The same trend of vandalism and sabotage is the same excuse we get about the shambolic fall in the megawatt which is far from the 25,000 target needed by Nigeria. You can perceive the problem seems historic and Fashola's first move of increasing tariffs for the services people are not enjoying in the face of an economic downturn shows he isn't the man for the sector. Such a capitalist orientation of profits regardless of the plight of the masses should be discouraged. Its a case of absurdity in business for an investor to raise money from its customers to stay in business like the DISCOs (Electricity Distribution Companies) are proposing indirectly simply because we don't have a choice.
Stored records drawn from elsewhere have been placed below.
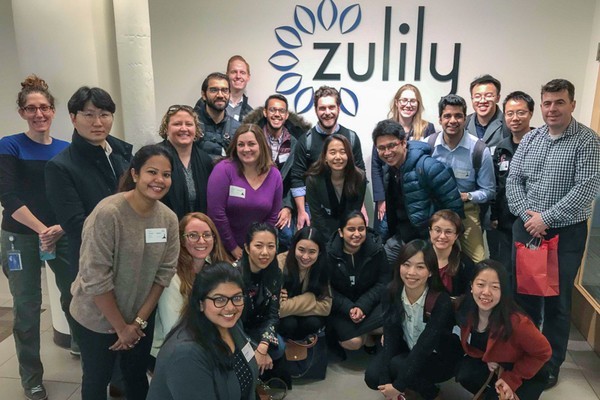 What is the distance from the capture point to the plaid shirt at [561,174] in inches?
103

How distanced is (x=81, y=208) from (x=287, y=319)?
1.42 m

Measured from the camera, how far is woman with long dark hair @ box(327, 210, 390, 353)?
123 inches

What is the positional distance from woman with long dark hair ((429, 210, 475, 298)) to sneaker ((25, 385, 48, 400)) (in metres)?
2.39

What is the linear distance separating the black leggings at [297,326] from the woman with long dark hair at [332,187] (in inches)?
23.2

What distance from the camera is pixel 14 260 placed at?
2.66 m

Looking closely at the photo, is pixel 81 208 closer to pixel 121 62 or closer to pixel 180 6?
pixel 121 62

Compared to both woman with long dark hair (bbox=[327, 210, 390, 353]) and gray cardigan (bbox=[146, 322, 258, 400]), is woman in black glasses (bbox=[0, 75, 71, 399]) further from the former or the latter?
woman with long dark hair (bbox=[327, 210, 390, 353])

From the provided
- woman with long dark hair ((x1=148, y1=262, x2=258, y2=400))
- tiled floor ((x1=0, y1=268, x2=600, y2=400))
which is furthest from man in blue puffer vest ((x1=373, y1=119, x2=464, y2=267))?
woman with long dark hair ((x1=148, y1=262, x2=258, y2=400))

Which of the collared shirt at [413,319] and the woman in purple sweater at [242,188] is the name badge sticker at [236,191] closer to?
the woman in purple sweater at [242,188]

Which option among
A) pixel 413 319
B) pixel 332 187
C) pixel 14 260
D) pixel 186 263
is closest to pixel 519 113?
pixel 332 187

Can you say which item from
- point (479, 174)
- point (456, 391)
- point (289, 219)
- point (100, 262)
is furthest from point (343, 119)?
point (100, 262)

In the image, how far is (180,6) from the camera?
442 cm

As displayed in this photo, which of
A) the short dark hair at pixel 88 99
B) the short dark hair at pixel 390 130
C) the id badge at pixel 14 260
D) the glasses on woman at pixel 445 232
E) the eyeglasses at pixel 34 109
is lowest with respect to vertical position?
the id badge at pixel 14 260

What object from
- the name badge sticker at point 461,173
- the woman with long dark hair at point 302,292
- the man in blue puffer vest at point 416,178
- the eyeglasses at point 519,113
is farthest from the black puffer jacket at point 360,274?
the eyeglasses at point 519,113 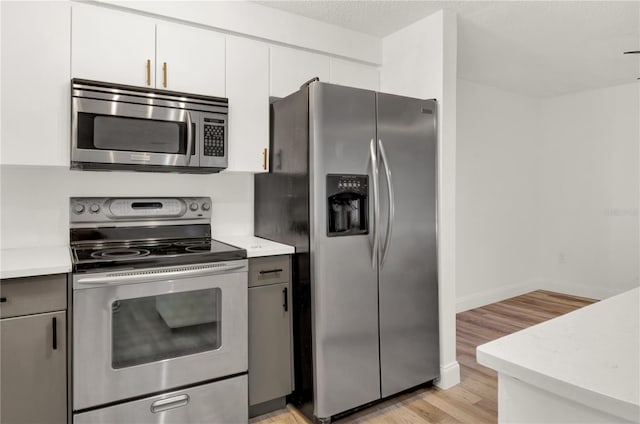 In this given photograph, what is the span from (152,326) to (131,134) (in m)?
0.97

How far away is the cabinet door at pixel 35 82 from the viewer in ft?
5.95

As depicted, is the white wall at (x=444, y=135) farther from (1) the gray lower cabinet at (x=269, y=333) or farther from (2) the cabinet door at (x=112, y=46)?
(2) the cabinet door at (x=112, y=46)

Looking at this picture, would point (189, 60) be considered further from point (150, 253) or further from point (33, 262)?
point (33, 262)

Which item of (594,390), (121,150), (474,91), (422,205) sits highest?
(474,91)

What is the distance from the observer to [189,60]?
226 cm

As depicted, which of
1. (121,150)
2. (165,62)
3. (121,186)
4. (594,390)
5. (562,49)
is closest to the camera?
(594,390)

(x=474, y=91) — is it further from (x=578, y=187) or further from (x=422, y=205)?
(x=422, y=205)

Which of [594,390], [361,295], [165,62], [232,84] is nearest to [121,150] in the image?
[165,62]

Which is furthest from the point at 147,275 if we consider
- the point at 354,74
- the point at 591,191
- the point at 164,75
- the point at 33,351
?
the point at 591,191

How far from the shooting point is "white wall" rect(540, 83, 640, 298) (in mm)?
4391

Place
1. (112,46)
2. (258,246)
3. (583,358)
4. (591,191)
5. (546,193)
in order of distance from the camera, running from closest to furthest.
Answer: (583,358) < (112,46) < (258,246) < (591,191) < (546,193)

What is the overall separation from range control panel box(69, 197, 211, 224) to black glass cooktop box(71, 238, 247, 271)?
0.49 ft

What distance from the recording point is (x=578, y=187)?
4801 mm

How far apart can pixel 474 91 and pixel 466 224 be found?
1.41m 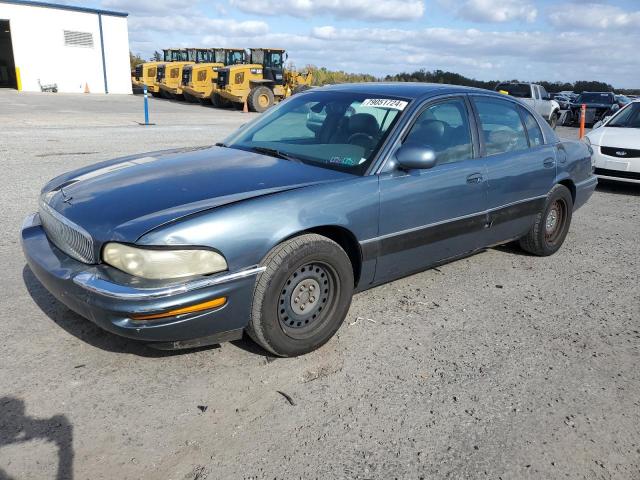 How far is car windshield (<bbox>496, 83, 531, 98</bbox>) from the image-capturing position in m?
21.0

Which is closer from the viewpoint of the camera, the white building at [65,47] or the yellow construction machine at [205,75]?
the yellow construction machine at [205,75]

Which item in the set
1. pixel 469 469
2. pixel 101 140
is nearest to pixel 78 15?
pixel 101 140

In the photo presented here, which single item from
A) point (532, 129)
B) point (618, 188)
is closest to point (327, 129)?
point (532, 129)

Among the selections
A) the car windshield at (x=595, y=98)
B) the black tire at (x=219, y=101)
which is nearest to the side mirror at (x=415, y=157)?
the black tire at (x=219, y=101)

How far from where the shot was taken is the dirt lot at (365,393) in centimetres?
239

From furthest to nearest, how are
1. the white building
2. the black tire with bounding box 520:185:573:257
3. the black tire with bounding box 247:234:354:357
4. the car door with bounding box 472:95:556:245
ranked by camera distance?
the white building, the black tire with bounding box 520:185:573:257, the car door with bounding box 472:95:556:245, the black tire with bounding box 247:234:354:357

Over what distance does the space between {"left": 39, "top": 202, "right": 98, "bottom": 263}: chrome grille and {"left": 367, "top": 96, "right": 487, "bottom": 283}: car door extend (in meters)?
1.66

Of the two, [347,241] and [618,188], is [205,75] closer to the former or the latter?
[618,188]

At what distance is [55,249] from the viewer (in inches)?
124

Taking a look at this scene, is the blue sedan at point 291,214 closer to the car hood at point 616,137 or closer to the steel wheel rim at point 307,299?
the steel wheel rim at point 307,299

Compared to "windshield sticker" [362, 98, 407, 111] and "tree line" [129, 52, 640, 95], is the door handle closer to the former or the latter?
"windshield sticker" [362, 98, 407, 111]

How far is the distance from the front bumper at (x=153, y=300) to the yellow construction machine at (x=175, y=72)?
2727cm

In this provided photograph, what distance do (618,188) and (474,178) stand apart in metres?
6.43

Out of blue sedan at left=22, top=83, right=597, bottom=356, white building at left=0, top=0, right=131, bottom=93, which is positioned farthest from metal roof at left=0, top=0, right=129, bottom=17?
blue sedan at left=22, top=83, right=597, bottom=356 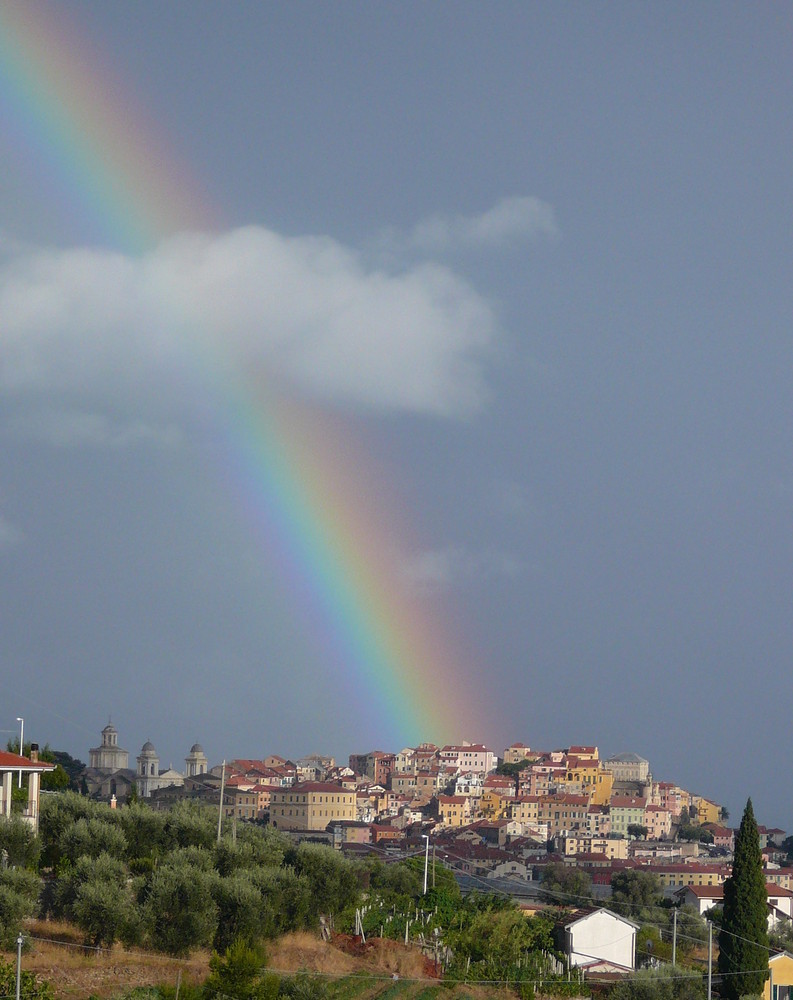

If this administration can't make our lives better, then it shouldn't make things worse before 2019 when we will be on the march again.

It was on this note that Senator Dino Melaye cried out on Twitter that Buhari should take the burden of the power ministry from Fashola before the burden dislocates his neck.

Someone on social media drew my attention to a conspiracy theory as regards the woes of the power sector. According to him, the National Assembly is yet to approve that 2016 national budget as the Senate President, Bukola Saraki is allegedly using the approval of the budget as a bargaining point out of his travails in the Code of Conduct Tribunal over a 13-count charge of false declaration of assets, hence the major reason why Fashola's hands are tied due to lack of funds. That sounds interesting regardless of the authenticity of the underlying issues raised but I will like to remind others making similar excuses for failure that in a working system, the people need not to pay attention to underlying factors or dynamics of politics and administration. The people only focus on the output of governmental processes i.e results. For example, no bank customer cares about the number or certification of bank workers, their working conditions, security, remuneration and mode of movement of cash as well as the bank's private business engagements or promotions. The customer's business is to save his money when there is a need to and withdraw without hindrance. This is just one of a host of several real life examples.

I salute the current political consciousness of Nigerians which I believe was woken up by economic hardships. That is the real CHANGE we need. The sincere 'change' starts from me and you. This can be confirmed in the words of Aristotle which says: The energy of the mind is the essence of life.